Тучи разошлись, вся природа оживилась под яркими лучами полуденного солнца, в первых числах июня. Сделалась удивительная геологическая перемена декорации! После однообразной плоской равнины я вдруг неожиданно очутился на краю ужасного обрыва и передо мною расстилалась меж высоких холмов прелестная долина, орошаемая Мёзою, и вдали виднелся город Льеж.
Меня перевезли через реку за несколько сантимов и вот я уж в предместиях. Народ тут вовсе не так был учтив, как французские солдаты в Меце. Рабочие просто смеялись надо мною. «Посмотри-ка, вот идет беглый поляк! C'est un polonais!» Почему, и как, и по каким этнологическим приметам они приняли меня за поляка — я вовсе не понимаю.
Город Льеж был в праздничном наряде: на балконах были вывешены ковры и шелковые ткани, в окнах стояли цветы и разноцветные восковые свечи. Это был Fête Dieu, Corpus Christi или как поляки говорят Boze cialo[85]. По улице шел огромный крестный ход с духовою музыкою и пением. Мне ужасно как было стыдно показать себя в лохмотьях среди этого торжества. Я свернул с большой улицы и начал разными переулками и закоулками пробираться к улице Rue de lа Madeleine.
На последнем ночлеге перед Льежем я встретил жидка-разносчика, он путешествовал с женою и осликом.
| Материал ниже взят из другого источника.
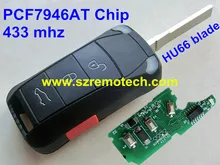 Free Shipping New Uncut Remote Key 3+1 Button 433MHz ID46 PCF7946AT Chip HU66 Blade Fit For Porsche Cayenne (2004-2012)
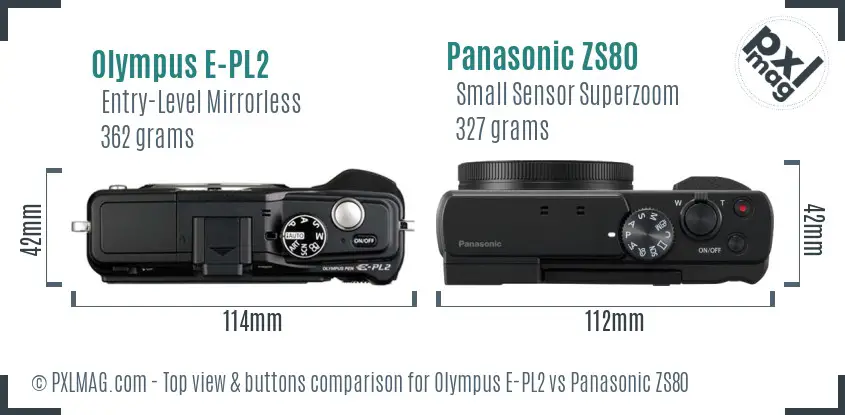 Olympus E-PL2 vs Panasonic ZS80 top view buttons comparison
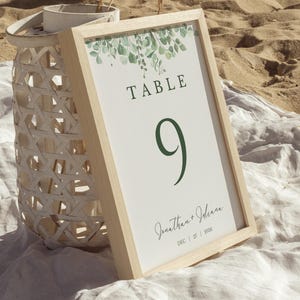 Eucalyptus Wedding Table Numbers Cards, Greenery Wedding Table Number Signs, Printable Wedding Table Sign, Wedding Table Decor, Table Names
Мы очень приятно провели вечер в разных разговорах. Узнавши, что я иду в Льеж, он сказал: «Я вам советую остановиться в эстамине au coq[86]: они очень добрые люди, я всегда у них останавливаюсь: поклонитесь им от меня». — Ну что ж, думал я: это очень хорошо, лучше иметь определенную цель, итти в знакомое место с какою-нибудь, хоть с жидовскою рекомендациею.
Когда я пришел в rue de la Madeleine, у меня от жару и усталости голова кружилась; я совершенно потерял память: никак не мог припомнить адреса этого трактирчика. Прошел всю улицу взад и вперед — нет! все незнакомые вывески. Что тут делать? Я начал уже отчаиваться и готов уже был завернуть в первый попавшийся кабачек. Вдруг поднимаю глаза — гляжу — вывеска, на ней изображение петуха с надписью: au coq. Слава богу! да, да! Au coq! Теперь припомнил. Вот мой любезный петушек! вот приют для утомленного странника, пристань после крушения! Вхожу — за конторкою сидела женщина средних лет довольно приятной наружности. Я отдал ей поклон от жидка, но она, казалось, не слишком высокое понятие имела о моем покровителе; не сказала ни слова и несколько минут пристально смотрела на меня, после, как бы обдумавшись, сказала: «очень хорошо, вы можете здесь остановиться». Она была добрейшая женщина. Я после с ней был очень дружен и давал уроки ее детям. Она передо мной созналась, что сначала не доверяла мне, но всмотревшись хорошенько в черты моего лица, сказала самой себе: «я уверена, что он меня не обманет». Вот опять женщина с непогрешимым тактом.
Есть ли здесь какой поляк профессор в Университете или в Collége[87]?» — Есть — в Gollége. — «Как его имя?» — Не знаю. — «Дайте мне пожалуйста листок бумаги написать письмо». — Вот лавочка тут напротив: там можете купить. — К счастию у меня оставался полуфранк: я купил бумаги, написал трогательное письмо с большою потратою риторики, завернул в конверт и отправился в Collége. Мне пришлось итти мимо церкви. Из нее неслись звуки органа. Вхожу — церковь битком набита. Алтарь пылал разноцветными огнями, вазы с цветами распространяли благоухание, дым ладана вился голубою струею и терялся под готическим сводом. В то время я все мерил республиканским масштабом. Что я, оборванный, небритый, нечесанный, запыленный, грязный, что я в этом нищенском образе мог войти в этот великолепный храм, наполненный изящным людом (beau monde) и мог найти место между ними и наравне с ними имел право наслаждаться звуками очаровательной музыки, — все это в глазах моих обличало глубоко-демократический характер католической церкви. Это было первое зерно, брошенное в хорошо подготовленную почву.
А теперь позвольте по-шекспировски соединить высокую драму с комическим элементом и заметить, что впоследствии, когда я обжился в Льеже, одна хорошенькая гризетка назначала мне рандеву именно в этой самой церкви Сен-Дени. Это была моя последняя шалость. Но все ж и это доказывает, что во всех отношениях католическая церковь очень либеральна и демократична.